Entwicklungsfinanzierung ist ein weiterer Weg, über den Großbritannien sich im Land einmischt. Die britischen Programmlinien für Ägypten legen den Fokus darauf, “öffentliche Institutionen in eigenständige Einrichtungen umzuwandeln und geschützte Sektoren für ausländische/private Investitionen zu öffnen”.
Das kostet jährlich rund 14 Millionen britische Pfund - davon kommen 98% aus dem Entwicklungsbudget Großbritanniens.

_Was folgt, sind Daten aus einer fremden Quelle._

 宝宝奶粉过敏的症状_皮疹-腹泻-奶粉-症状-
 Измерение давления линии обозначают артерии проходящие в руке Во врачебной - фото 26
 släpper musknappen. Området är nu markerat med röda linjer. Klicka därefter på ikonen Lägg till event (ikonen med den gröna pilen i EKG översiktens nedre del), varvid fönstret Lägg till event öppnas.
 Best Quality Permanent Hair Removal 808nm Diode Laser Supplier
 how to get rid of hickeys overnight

Der wirtschaftliche Teil des Programms, der rund vier Millionen britische Pfund pro Jahr kostet, soll in Ägyptens Wirtschaft “strukturelle Reformen implementieren”.
Das Programm wird in enger Zusammenarbeit mit dem ägyptischen Regime ausgearbeitet - auch soll es Sisi bei seinen “Reformprioritäten” unterstützen.

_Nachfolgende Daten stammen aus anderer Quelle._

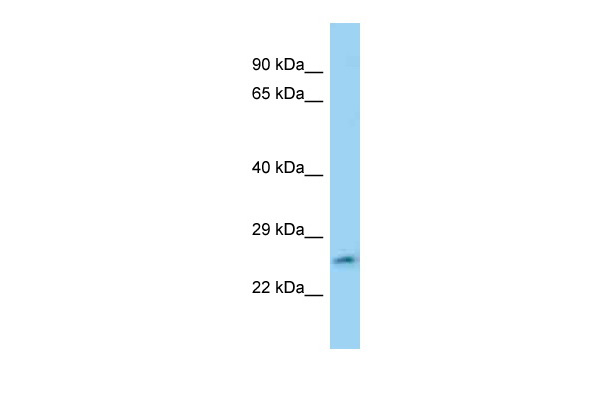 WB Suggested Anti-FAM71°C Antibody Titration: 1.0 ug/ml Positive Control: Jurkat Whole Cell
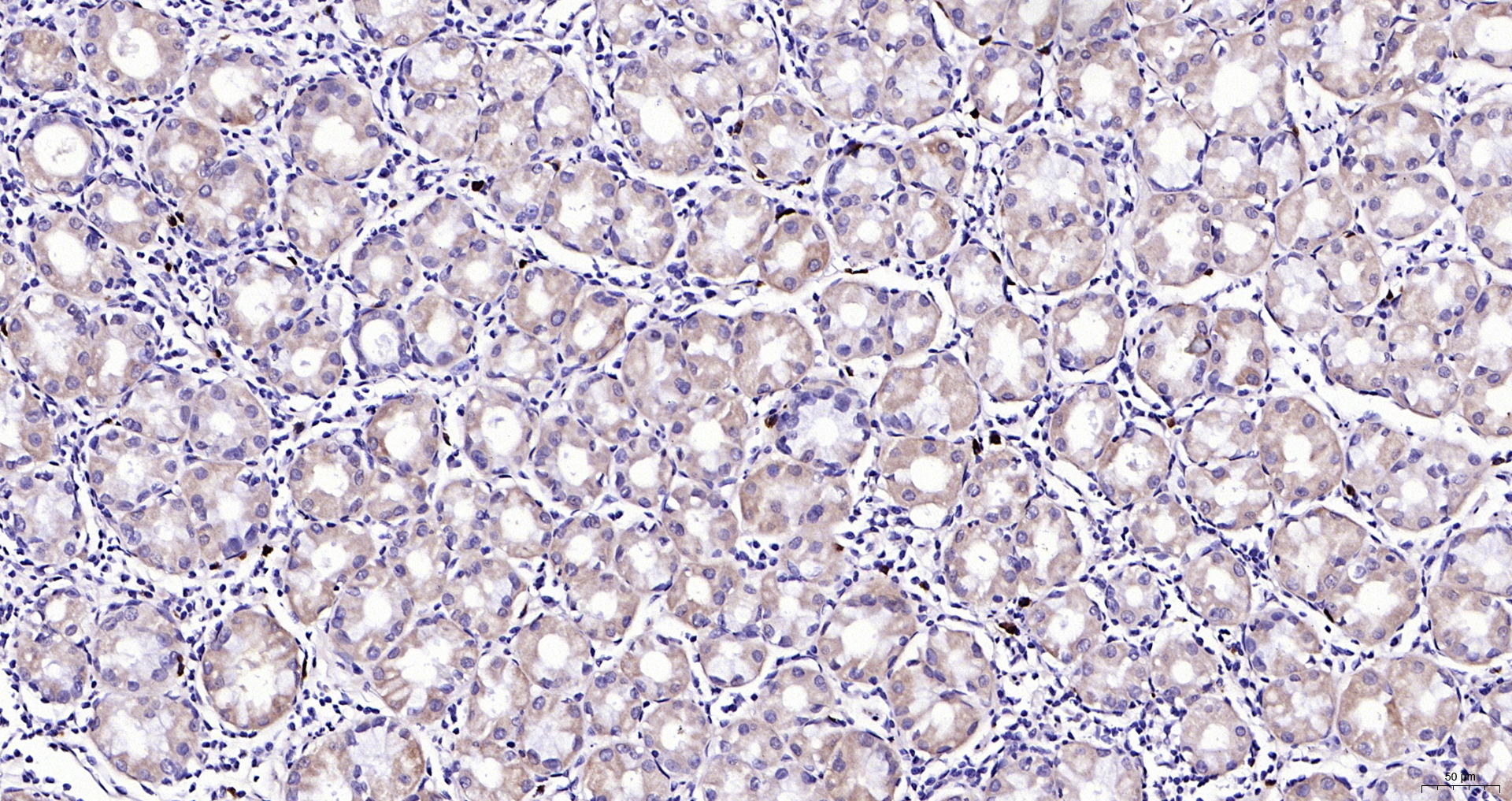 Paraformaldehyde-fixed, paraffin embedded (Human stomach); Antigen retrieval by boiling in sodium citrate buffer (pH6.0) for 15min; Block endogenous peroxidase by 3% hydrogen peroxide for 20 minutes; Blocking buffer (normal goat serum) at 37°C for 30min; Antibody incubation with (CRIPTO) Polyclonal Antibody, Unconjugated (bs-1566R) at 1:200 overnight at 4°C, followed by operating according to SP Kit(Rabbit) (sp-0023) instructionsand DAB staining.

Umgesetzt wird es mithilfe des Conflict, Security and Stability Fund (CSSF), einem Finanztopf zwischen den Regierungen, der das erklärte Ziel hat, “Unruhen und Konflikte, die die Interessen Großbritanniens gefährden könnten”, zu verhindern.
Die Ziele des Fonds werden vom nationalen Sicherheitsrat unter dem Vorsitz des britischen Premierministers ausgearbeitet. Ein parlamentarischer Ausschuss befand jedoch, dass der CSSF als “‘Schmiergeldkasse’ für Projekte genutzt wurde”, die “nicht im Sinne von Großbritanniens nationaler Sicherheit waren”.

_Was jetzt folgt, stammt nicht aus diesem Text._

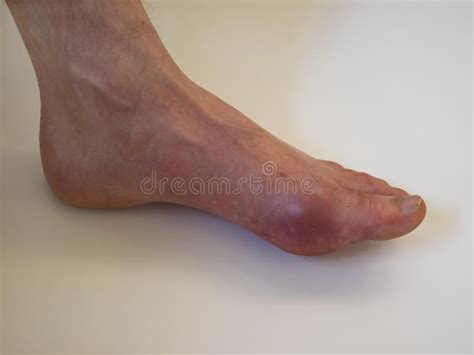 Foot Disease Rheumatism And Gout Red Leg Swelling Pain In The Foot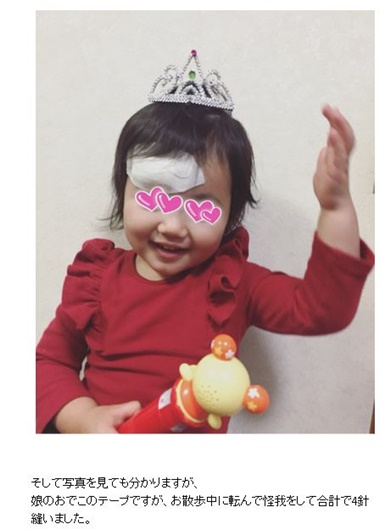 井上和香　娘　ケガ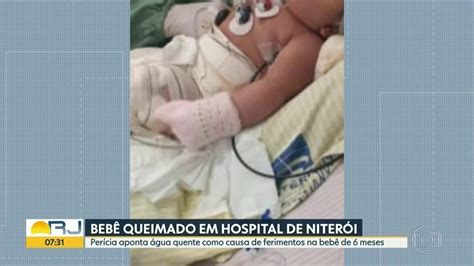 Beb Internada Sofreu Queimaduras Em Do Corpo Diretora Do Hospital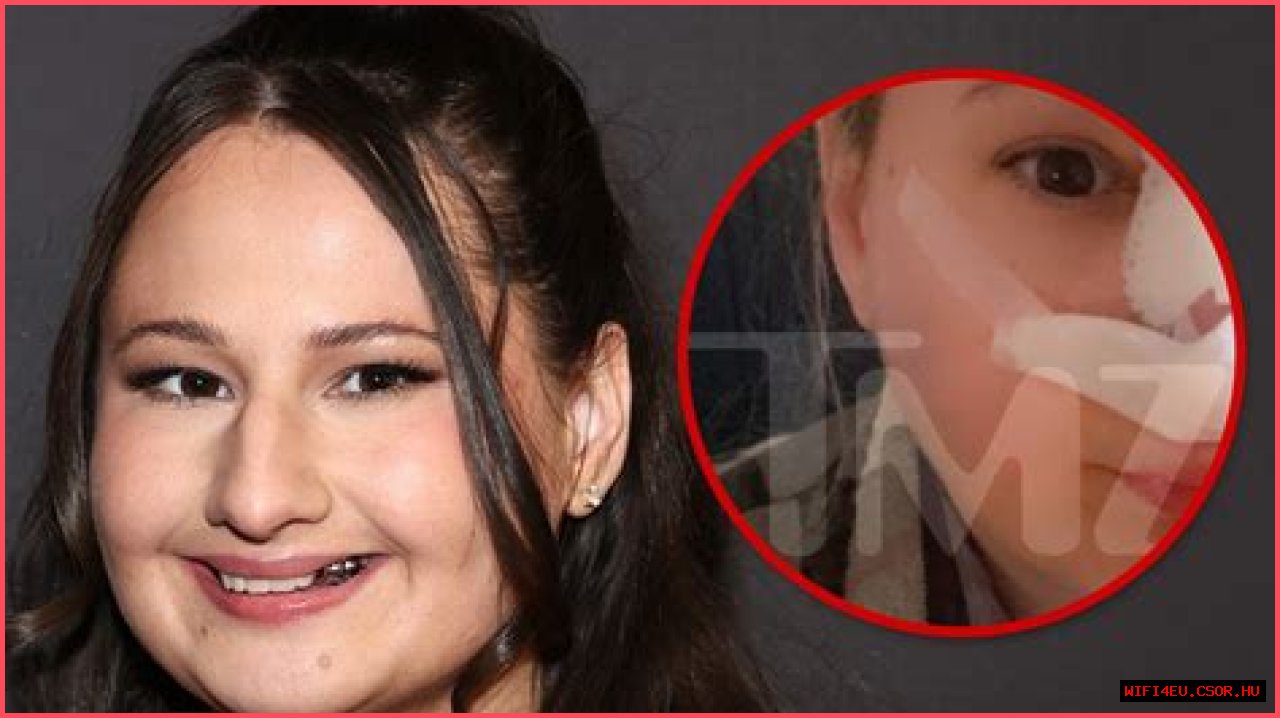 Unveiling The Transformation: The Nose Job Of Gypsy Rose
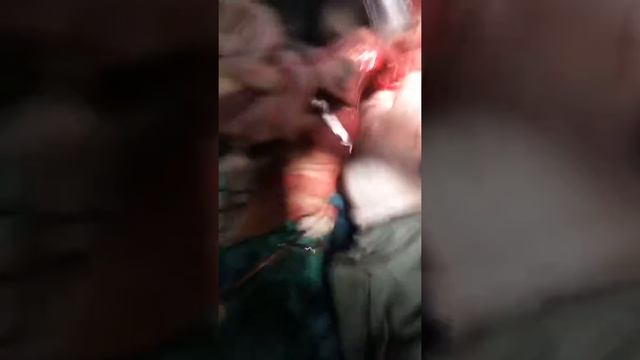 Разрыв нагноившей эхинококовой кисты 5 - 6 сегмента печени. смотреть онлайн
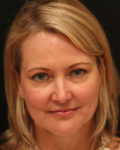 facelift patient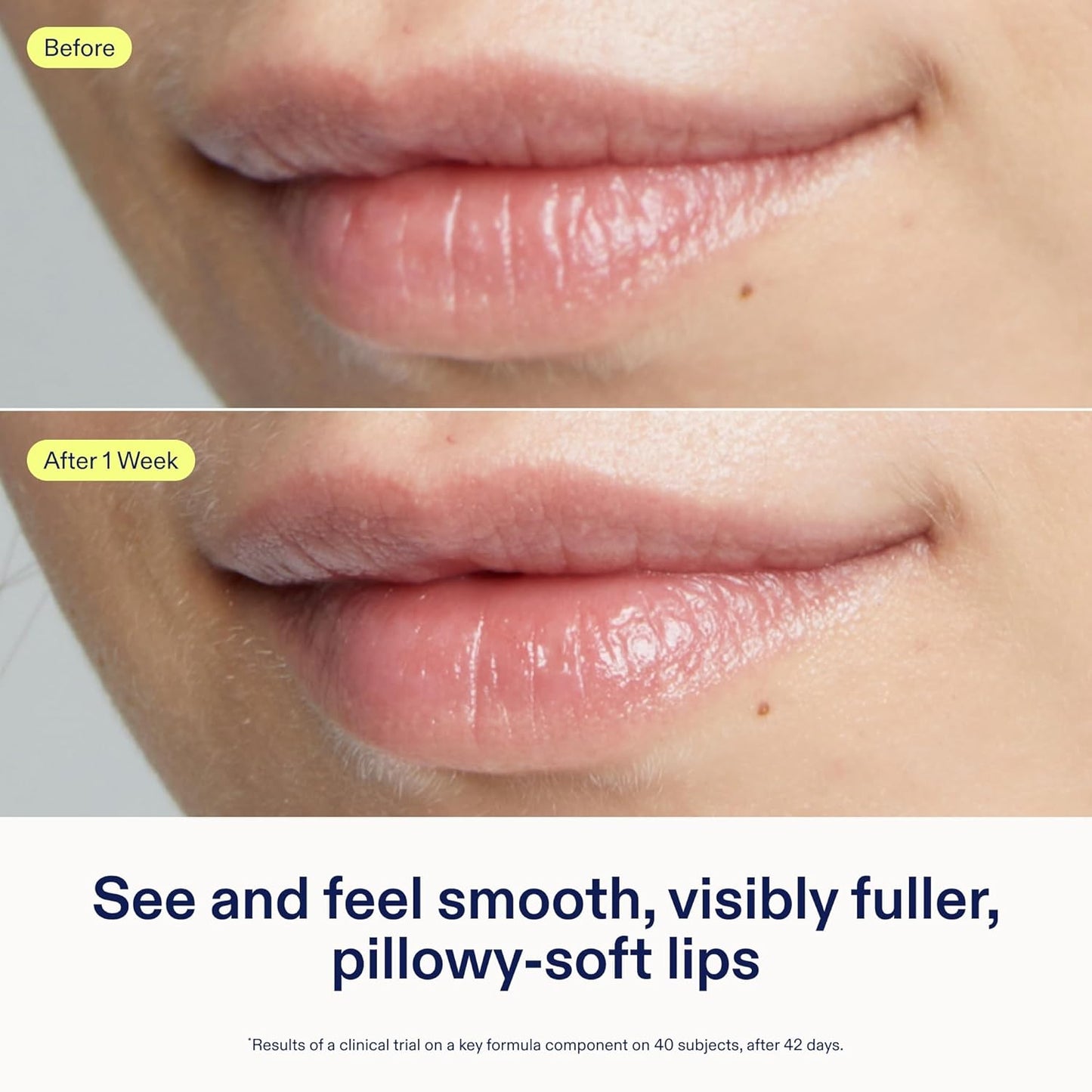 Skinfix Triple Lipid Lip Treatment - Hydrating, Volumizing Balm - Smooths Fine Lines - 0.27 oz - Fragrance Free, Vegan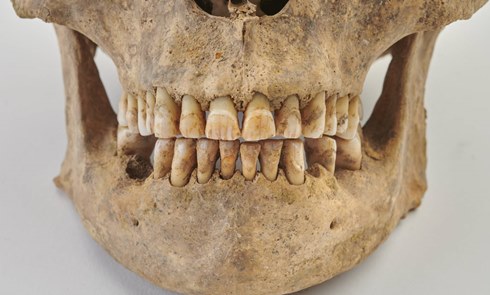 Teeth of a male from the medieval period, coming from the excavations of St Mary Spital, Augustinian Priory, during development of the Spitalfields Market. (ID no.: SRP98 [3779])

Ägypten verfügt über viele begehrte Rohstoffe, die lange Zeit vom Staat und Militär kontrolliert wurden. Doch das Regime von Sisi drängt schon lange darauf, diese zu privatisieren.
Als das CSSF-Programm 2018 seinen Anfang nahm, nannte Ägypten 23 Staatsunternehmen, die privatisiert werden sollten. Dieses Jahr im Januar gab der ägyptische Planungsminister bekannt, dass das Land monatlich Anteile staatlicher Unternehmen verkaufen möchte.
Im Mai kündigte der ägyptische Premierminister Mostafa Madbouli an, eine weitere Reihe an staatlichen Unternehmen zu privatisieren. Madbouli legte Pläne vor, mit denen zehn Staatsunternehmen und zwei Unternehmen, die im Besitz der Armee stehen, dieses Jahr an die Börse gebracht werden sollen.
Zwei Projekte der Weltbank unterstützen Großbritannien dabei, die Privatisierung in Ägypten weiter anzukurbeln. Dabei ist das teuerste eine sogenannte “Strategiepartnerschaft” mit der Weltbank.
Das andere Projekt finanziert die International Finance Corporation (IFC), der privatwirtschaftliche Darlehenszweig der Weltbank, der weltweit die Privatisierung öffentlicher Dienstleistungen vorantreibt und Oligarch*innen unterstützt.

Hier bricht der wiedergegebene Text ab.